JAIC Indonesia Berupaya Pailitkan Istaka
Berita

JAIC Indonesia Berupaya Pailitkan Istaka

Pihak Istaka berdalih persoalan utang antara Istaka dengan JAIC belum jelas.

DNY
Bacaan 2 Menit
JAIC Indonesia Berupaya Pailitkan Istaka
Hukumonline

JAIC Indonesia rupanya tidak main-main ketika mengatakan akan mengajukan langkah hukum terkait utang PT Istaka Karya (Persero). Setelah menyurati Kemeneg BUMN Senin lalu (11/10), JAIC lantas mengajukan permohonan pailit terhadap Istaka.

 

Kuasa Hukum JAIC, Tony Budidjaja menerangkan permohonan pailit didaftarkan melalui Pengadilan Niaga Jakarta, Senin kemarin (25/10), dengan No 73/Pailit/2010. Menurutnya, Istaka tidak membayar utang yang statusnya telah jatuh tempo dan dapat ditagih.

 

Adanya utang Istaka kepada JAIC terbukti dengan Putusan MA No 1799 K/PDT/2008 tertanggal 9 Februari 2009. Putusan itu mengabulkan permohonan kasasi JAIC sehubungan dengan enam surat sanggup atas tunjuk (negotiable promissory Notes Bearer) senilai AS$5,5 juta.

 

Putusan MA tersebut telah berkekuatan hukum tetap dan dapat dieksekusi.
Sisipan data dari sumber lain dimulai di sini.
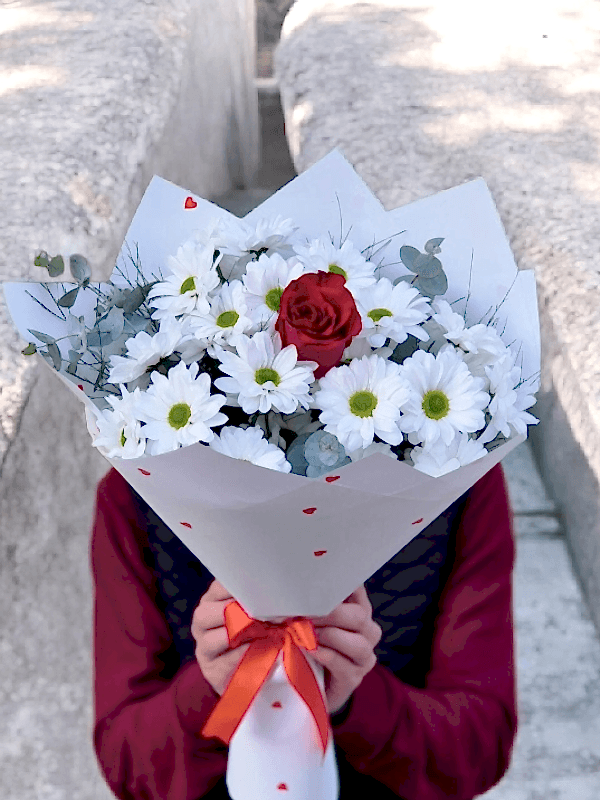  Alanya aynı gün çiçek - Papatyalar Ortaya 1 Gül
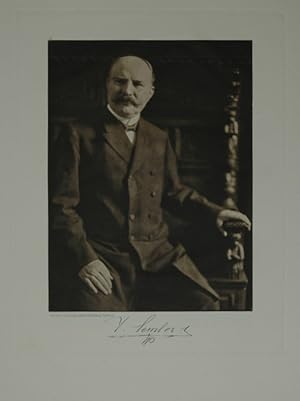 Fotoportrait in Photogravüre. Halbfigur sitzend en face, unten mit faksimiliertem Namenszug. Aufn...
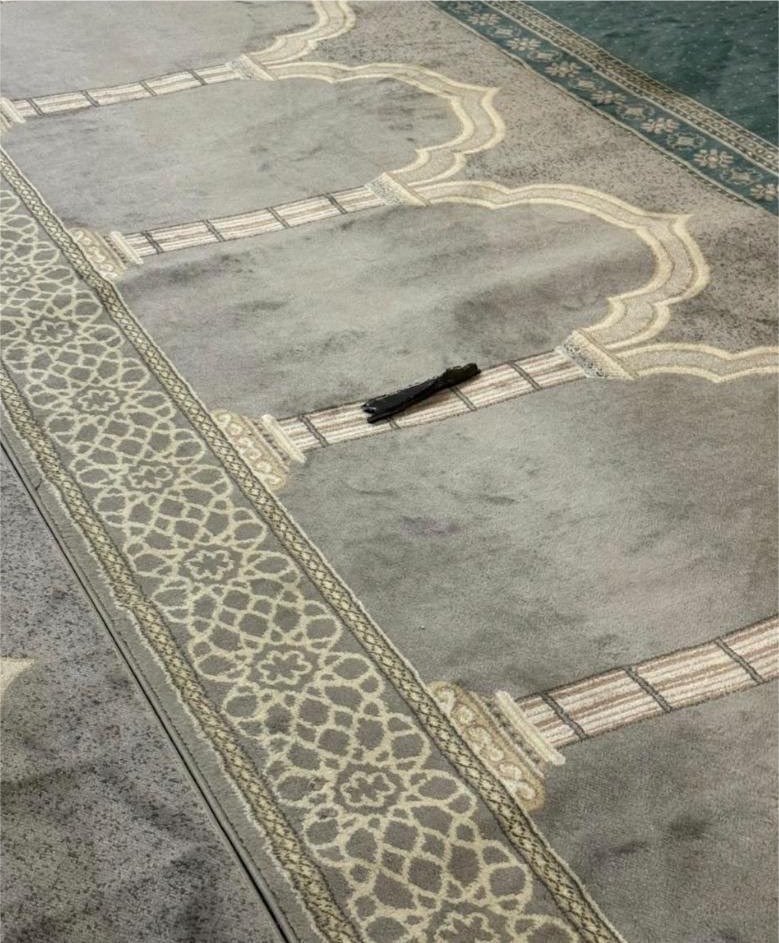 s_hm2030's tweet photo. الدفاع المدني: 

"سقوط شظايا اعتراض صاروخ باليستي في محافظة أحد رفيدة بمنطقة عسير نتج عنه إصابة مقيم وأضرار في مصلى داخل مبنى ومركبات" 

صورة لأحد الأضرار الذي تعرض لها المصلى نتيجة التصدي للصاروخ الحوثي https://t.co/G5hAH8PXWG
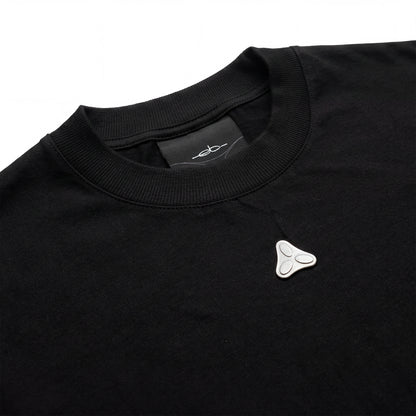 CAMISETA REGULAR   PATCH  PRETO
Ketua Pengadilan Negeri Jakarta Selatan juga telah mengeluarkan penetapan No 1097/Pdt.G/2006/PN.Jkt.Sel tertanggal 29 Juli 2010. Ketua Pengadilan Negeri Jakarta Selatan telah memberikan peringatan (aanmaning) kepada Istaka untuk melaksanakan isi putusan MA secara sukarela.

 

Berdasarkan penjelasan Pasal 2 ayat (1) UU No 37 Tahun 2004 tentang Kepailitan dan Penundaan Kewajiban Pembayaran Utang, dikatakan bahwa utang yang jatuh tempo dan dapat ditagih adalah kewajiban untuk membayar utang yang telah jatuh waktu, salah satunya dikarenakan adanya putusan pengadilan.

 

Terkait kreditur lain, Tony mengungkapkan adanya lima kreditur Istaka selain JAIC. Mereka antara lain PT Saeti Concretindo Wahana, PT Saeti Beton Pracetak, PT Bank Syariah Mandiri, PT Bank Bukopin Tbk, dan PT Bank International Indonesia Tbk.

 

Berdasarkan fakta-fakta yang ada Tony beranggapan Istaka telah terbukti merupakan debitur yang mempunyai dua atau lebih kreditur dan tidak mampu membayar lunas sedikitnya satu utang yang telah jatuh tempo dan dapat ditagih. Karenanya, dia beranggapan unsur Pasal 2 ayat (1) UU Kepailitan telah terbukti, sehingga Istaka harus dinyatakan pailit.

 

Dihubungi hukumonline, Direktur Utama Istaka, Kasman Muhammad mengatakan prosedur hukum antara Istaka dengan JAIC belum selesai. Menurut Kasman, untuk mengajukan permohonan pailit, status utang seharusnya sudah jelas.

 

Sementara, dalam kasus JAIC dengan Istaka, lanjut Kasman, status utangnya belum jelas. Secara hukum, persoalan di antara keduanya belum selesai. Pasalnya, saat ini Istaka tengah mengajukan peninjauan kembali dan penundaan eksekusi.

 

Sebagaimana diketahui, sengketa antara pihak JAIC dengan Istaka sudah berjalan sejak lama. Proses hukumnya sendiri sudah berlangsung selama hampir lima tahun. Kasus ini berawal ketika Istaka yang bergerak di bidang usaha konstruksi umum menerbitkan enam surat sanggup atas unjuk (negotiable promissory notes-bearer) yang nilai totalnya AS$5,5 juta.

 

Menurut JAIC, surat berharga itu diterbitkan pada 9 Desember 1998 dan jatuh tempo pada 8 Januari 1999. Akan tetapi, ketika telah jatuh tempo BUMN tersebut tidak memenuhi kewajibannya. Mengingat belum dilaksanakannya kewajiban itu, JAIC selaku pihak yang memegang surat berharga itu lantas mengajukan gugatan melalui Pengadilan Negeri Jakarta Selatan, pada 2006 silam.

 

Pada pengadilan tingkat pertama gugatan JAIC dikabulkan. Hingga akhirnya pada tingkat kasasi di Mahkamah Agung, JAIC memenangkan gugatan itu.